I prezzi dell’oro hanno proseguito il loro calo mercoledì, avvicinandosi ai minimi delle ultime due settimane e mettendo alla prova la soglia psicologica dei 4.000 dollari l’oncia. La flessione è stata alimentata dal rafforzamento del dollaro statunitense e dall’aumento delle aspettative di ulteriori rialzi dei tassi da parte della Federal Reserve, fattori che hanno ridotto l’attrattiva del metallo prezioso privo di rendimento.
L’oro spot ha perso l’1,1%, attestandosi a 4.067,72 dollari l’oncia alle 05:42 ET (09:42 GMT), dopo aver toccato un minimo intraday di 4.050,6 dollari l’oncia nelle prime contrattazioni.
I future sull’oro statunitense sono scesi dell’1,6% a 4.083,60 dollari.
Il metallo giallo ha registrato ribassi in cinque delle ultime sei sedute e arriva da tre settimane consecutive di perdite.
L’indice del dollaro USA (DXY) ha raggiunto il livello più alto degli ultimi 13 mesi, mentre i mercati hanno rafforzato le scommesse su possibili aumenti dei tassi Fed già da luglio e successivamente entro fine anno. Un dollaro più forte rende l’oro più costoso per gli acquirenti che utilizzano altre valute, mentre tassi più elevati aumentano il costo opportunità di detenere lingotti.
Le aspettative di una politica monetaria più restrittiva sono aumentate dopo la riunione della Federal Reserve della scorsa settimana e i commenti restrittivi dei funzionari dell’istituto.

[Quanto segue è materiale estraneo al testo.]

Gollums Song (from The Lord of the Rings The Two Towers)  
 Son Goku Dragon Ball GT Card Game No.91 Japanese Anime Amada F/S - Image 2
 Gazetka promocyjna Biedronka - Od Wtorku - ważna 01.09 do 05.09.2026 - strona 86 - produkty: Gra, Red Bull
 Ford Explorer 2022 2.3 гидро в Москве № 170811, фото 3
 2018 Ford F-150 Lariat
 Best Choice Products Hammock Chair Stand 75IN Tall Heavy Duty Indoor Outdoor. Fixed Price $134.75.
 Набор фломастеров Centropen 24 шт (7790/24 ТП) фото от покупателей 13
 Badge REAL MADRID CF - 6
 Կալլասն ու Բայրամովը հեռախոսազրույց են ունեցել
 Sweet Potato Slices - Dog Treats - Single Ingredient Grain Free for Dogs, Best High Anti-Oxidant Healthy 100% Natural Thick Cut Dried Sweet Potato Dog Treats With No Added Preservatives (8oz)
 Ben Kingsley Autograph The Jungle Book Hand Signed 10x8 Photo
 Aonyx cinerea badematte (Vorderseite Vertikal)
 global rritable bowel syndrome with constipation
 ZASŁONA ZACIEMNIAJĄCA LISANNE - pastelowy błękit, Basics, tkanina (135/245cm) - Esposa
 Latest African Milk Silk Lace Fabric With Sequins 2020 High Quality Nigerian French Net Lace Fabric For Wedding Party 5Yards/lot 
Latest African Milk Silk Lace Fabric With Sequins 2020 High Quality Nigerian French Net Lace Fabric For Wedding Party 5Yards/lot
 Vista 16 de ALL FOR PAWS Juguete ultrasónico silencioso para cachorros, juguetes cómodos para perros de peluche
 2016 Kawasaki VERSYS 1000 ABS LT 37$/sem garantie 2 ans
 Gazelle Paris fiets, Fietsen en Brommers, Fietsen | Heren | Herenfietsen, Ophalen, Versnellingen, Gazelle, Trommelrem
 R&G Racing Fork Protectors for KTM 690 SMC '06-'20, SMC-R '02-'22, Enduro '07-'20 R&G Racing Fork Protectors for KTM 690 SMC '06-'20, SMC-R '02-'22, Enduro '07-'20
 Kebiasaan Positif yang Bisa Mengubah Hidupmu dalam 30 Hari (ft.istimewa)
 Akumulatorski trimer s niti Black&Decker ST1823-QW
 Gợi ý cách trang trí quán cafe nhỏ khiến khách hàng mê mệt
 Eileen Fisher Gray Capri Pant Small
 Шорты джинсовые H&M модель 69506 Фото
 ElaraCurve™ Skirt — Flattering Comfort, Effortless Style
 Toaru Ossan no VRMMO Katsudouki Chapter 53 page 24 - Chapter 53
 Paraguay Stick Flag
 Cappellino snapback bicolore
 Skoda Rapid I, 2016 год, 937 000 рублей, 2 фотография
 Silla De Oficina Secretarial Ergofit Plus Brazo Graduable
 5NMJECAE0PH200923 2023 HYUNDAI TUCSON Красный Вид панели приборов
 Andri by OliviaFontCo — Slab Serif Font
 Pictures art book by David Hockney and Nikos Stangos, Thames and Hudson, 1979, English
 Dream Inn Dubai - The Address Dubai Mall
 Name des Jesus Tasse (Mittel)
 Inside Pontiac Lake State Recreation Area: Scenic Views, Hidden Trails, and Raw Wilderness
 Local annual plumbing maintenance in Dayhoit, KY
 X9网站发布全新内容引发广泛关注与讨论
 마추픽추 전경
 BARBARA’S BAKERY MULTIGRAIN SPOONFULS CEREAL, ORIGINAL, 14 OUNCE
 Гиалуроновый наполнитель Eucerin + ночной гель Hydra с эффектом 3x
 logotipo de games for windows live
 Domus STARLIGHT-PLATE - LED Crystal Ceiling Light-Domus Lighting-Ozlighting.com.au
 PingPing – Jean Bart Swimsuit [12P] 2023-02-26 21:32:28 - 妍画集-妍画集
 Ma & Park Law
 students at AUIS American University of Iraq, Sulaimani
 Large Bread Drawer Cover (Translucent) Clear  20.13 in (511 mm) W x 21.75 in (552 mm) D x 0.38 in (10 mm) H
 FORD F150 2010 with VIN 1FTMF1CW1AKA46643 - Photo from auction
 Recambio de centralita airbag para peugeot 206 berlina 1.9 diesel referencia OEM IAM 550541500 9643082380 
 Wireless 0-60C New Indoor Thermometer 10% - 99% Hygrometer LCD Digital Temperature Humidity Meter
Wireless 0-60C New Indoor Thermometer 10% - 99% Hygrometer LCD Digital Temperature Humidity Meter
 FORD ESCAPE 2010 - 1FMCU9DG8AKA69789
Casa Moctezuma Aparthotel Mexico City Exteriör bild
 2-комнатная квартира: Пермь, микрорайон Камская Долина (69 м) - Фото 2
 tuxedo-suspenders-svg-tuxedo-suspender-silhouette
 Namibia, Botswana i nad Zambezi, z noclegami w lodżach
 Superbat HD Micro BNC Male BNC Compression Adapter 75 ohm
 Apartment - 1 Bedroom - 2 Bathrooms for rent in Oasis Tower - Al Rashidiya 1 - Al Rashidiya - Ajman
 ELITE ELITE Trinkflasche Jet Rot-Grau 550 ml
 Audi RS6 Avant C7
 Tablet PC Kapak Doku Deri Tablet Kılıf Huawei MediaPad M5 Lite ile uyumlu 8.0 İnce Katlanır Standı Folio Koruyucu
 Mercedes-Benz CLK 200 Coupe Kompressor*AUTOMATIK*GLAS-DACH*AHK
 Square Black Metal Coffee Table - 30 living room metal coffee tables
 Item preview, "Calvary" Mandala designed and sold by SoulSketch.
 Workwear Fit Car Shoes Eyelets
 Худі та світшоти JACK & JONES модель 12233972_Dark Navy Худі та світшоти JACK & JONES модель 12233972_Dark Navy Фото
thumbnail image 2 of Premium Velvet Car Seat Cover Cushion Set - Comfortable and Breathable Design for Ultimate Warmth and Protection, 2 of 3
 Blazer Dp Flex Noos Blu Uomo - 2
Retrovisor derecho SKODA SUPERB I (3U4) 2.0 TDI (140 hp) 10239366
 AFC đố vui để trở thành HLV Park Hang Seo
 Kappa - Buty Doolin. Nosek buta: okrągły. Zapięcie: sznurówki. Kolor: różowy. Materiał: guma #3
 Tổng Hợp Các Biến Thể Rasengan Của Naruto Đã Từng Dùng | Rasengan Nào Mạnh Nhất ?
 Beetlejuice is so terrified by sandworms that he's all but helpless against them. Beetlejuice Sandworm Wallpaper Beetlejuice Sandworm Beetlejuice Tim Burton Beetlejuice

I mercati attribuiscono ora circa il 70% di probabilità a un rialzo dei tassi entro settembre e scontano completamente un ulteriore aumento entro dicembre.
“Un dollaro statunitense più forte e le aspettative che la Fed possa mantenere i tassi elevati più a lungo hanno superato il sostegno derivante dal ruolo di bene rifugio legato ai rischi geopolitici”, hanno scritto gli analisti di ING in una nota.
L’oro ha inoltre risentito dell’attenuarsi delle preoccupazioni riguardo a possibili interruzioni delle forniture energetiche in Medio Oriente.
Gli investitori hanno continuato a monitorare i colloqui diplomatici tra Stati Uniti e Iran dopo che entrambe le parti hanno segnalato progressi verso l’attuazione di un accordo di pace più ampio volto a normalizzare i flussi energetici attraverso lo Stretto di Hormuz.
Permangono tuttavia incertezze su questioni cruciali, tra cui le ispezioni nucleari e l’accesso ai fondi iraniani congelati.
“Sebbene i rischi geopolitici rimangano elevati, è probabile che l’oro continui a seguire le aspettative sulla Fed, lasciando i prezzi vulnerabili a rendimenti più elevati e a un dollaro più forte nel breve termine”, hanno aggiunto gli analisti.
L’attenzione del mercato si concentra ora sui dati statunitensi sull’inflazione PCE (Personal Consumption Expenditures), attesi giovedì, che potrebbero fornire ulteriori indicazioni sul percorso della politica monetaria della Fed.
Tra gli altri metalli preziosi, l’argento è salito dello 0,8% a 61,12 dollari l’oncia dopo essere sceso di oltre il 5% nella seduta precedente.
Il platino ha perso l’1,2%, attestandosi a 1.634,81 dollari l’oncia.
Nel comparto dei metalli industriali, i future sul rame di riferimento al London Metal Exchange hanno ceduto lo 0,3% a 13.343,88 dollari per tonnellata, mentre i future sul rame statunitense sono arretrati dello 0,6% a 6,10 dollari per libbra.